BlogUP! was going to be the blog of a research project I dreamt up called The Estate Number Five Project, with the aim to investigate how the Australian blogosphere could increase its engagement with the public, and its influence on those institutions that shape the Australian public’s experience. The project aimed to look into the international blogosphere for inspiration, with an aim to bring the knowledge back here.
There was going to be a wiki involved, where a dynamic bloggers’ manifesto would have grown. For now, it’s just BlogUP!, but the above aims remain.
We’ve already had a go with the fourth estate, and that appears to be letting us down. If the blogosphere isn’t effective in its contribution to the fifth estate, we will need to try another estate – estate number six, etc., etc., ad infinitum/nauseum. I don’t think anyone wants this to happen, but it will if we just keep blundering along under the pressure of such rapid technological and political developments.

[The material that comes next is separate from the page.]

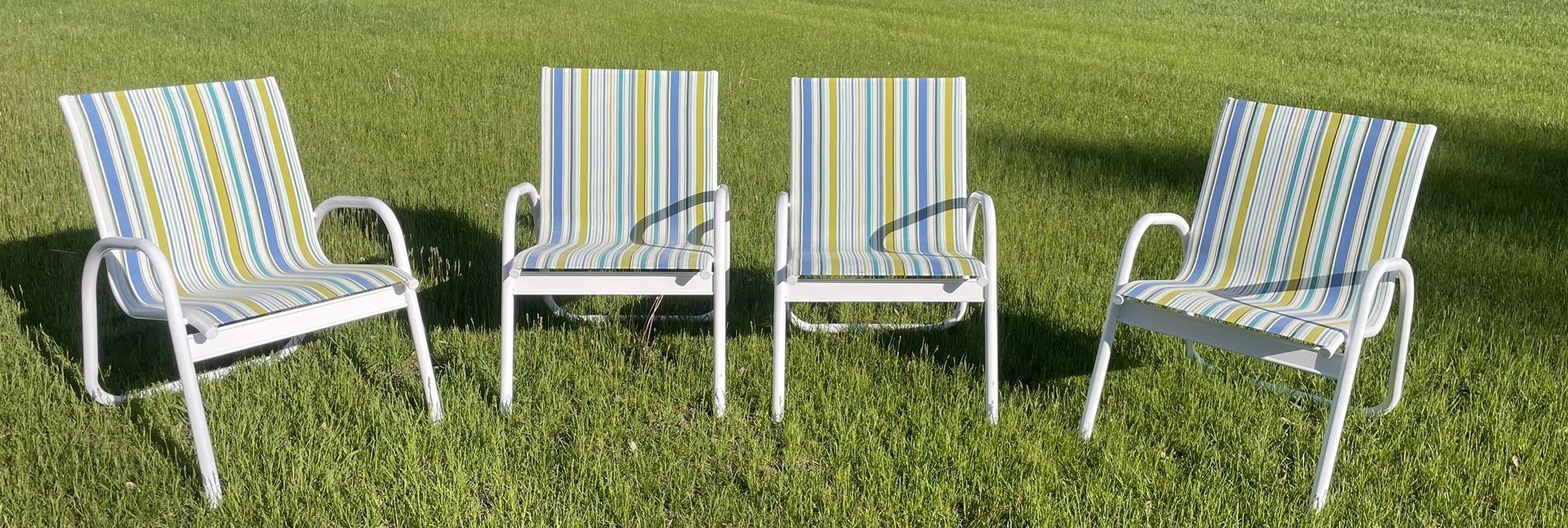 4 Outdoor Patio Chairs – Striped (Blue/Green/Yellow)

It’s important to remember that blogs are not alone in the fifth estate. The fifth estate comprises all manner of institutions that are stepping up to replace an ailing fourth estate. My understanding of the fourth estate is based on the writing of Thomas Carlyle, which is best and most often summarised by the below quote, from On Heroes, Hero Worship, and the Heroic in History. As you read, consider replacing ‘printing’ with ‘blogging’. It’s quite long, but I haven’t heard anyone say it better.
Or turning now to the Government of men. Witenagemote, old Parliament, was a great thing. The affairs of the nation were there deliberated and decided; what we were to do as a nation. But does not, though the name Parliament subsists, the parliamentary debate go on now, everywhere and at all times, in a far more comprehensive way, out of Parliament altogether? Burke said there were Three Estates in Parliament; but, in the Reporters’ Gallery yonder, there sat a Fourth Estate more important far than they all. It is not a figure of speech, or a witty saying; it is a literal fact,–very momentous to us in these times. Literature is our Parliament too. Printing, which comes necessarily out of Writing, I say often, is equivalent to Democracy: invent Writing, Democracy is inevitable. Writing brings Printing; brings universal everyday extempore Printing, as we see at present. Whoever can speak, speaking now to the whole nation, becomes a power, a branch of government, with inalienable weight in law-making, in all acts of authority. It matters not what rank he has, what revenues or garnitures. the requisite thing is, that he have a tongue which others will listen to; this and nothing more is requisite. The nation is governed by all that has tongue in the nation: Democracy is virtually there. Add only, that whatsoever power exists will have itself, by and by, organized; working secretly under bandages, obscurations, obstructions, it will never rest till it get to work free, unencumbered, visible to all. Democracy virtually extant will insist on becoming palpably extant.
The title, BlogUP!, is derived from the Simpson episode where the Springfield community tried to rescue Bart after he fell down a well, only to find they were then stuck at the bottom: when someone asked how they were going to get out of there, someone else said, ‘We’ll dig our way out!’ When the community started digging, another person cried, ‘No no! Dig UP!’ I think it was Chief Wigam.
I have plans for this blog to develop into a collaborative, community hub, with guest bloggers, interviews and of course commenting and contributions to the wiki that still exists, but which is not attached the blog, for now. By clarifying and crystallising blogging practises and princples, we can develop the burgeoning online social media scene that is working to pull us out of the hell-shaped media landscape that’s represented by much of Australia’s MSM: we’ll blog our way out!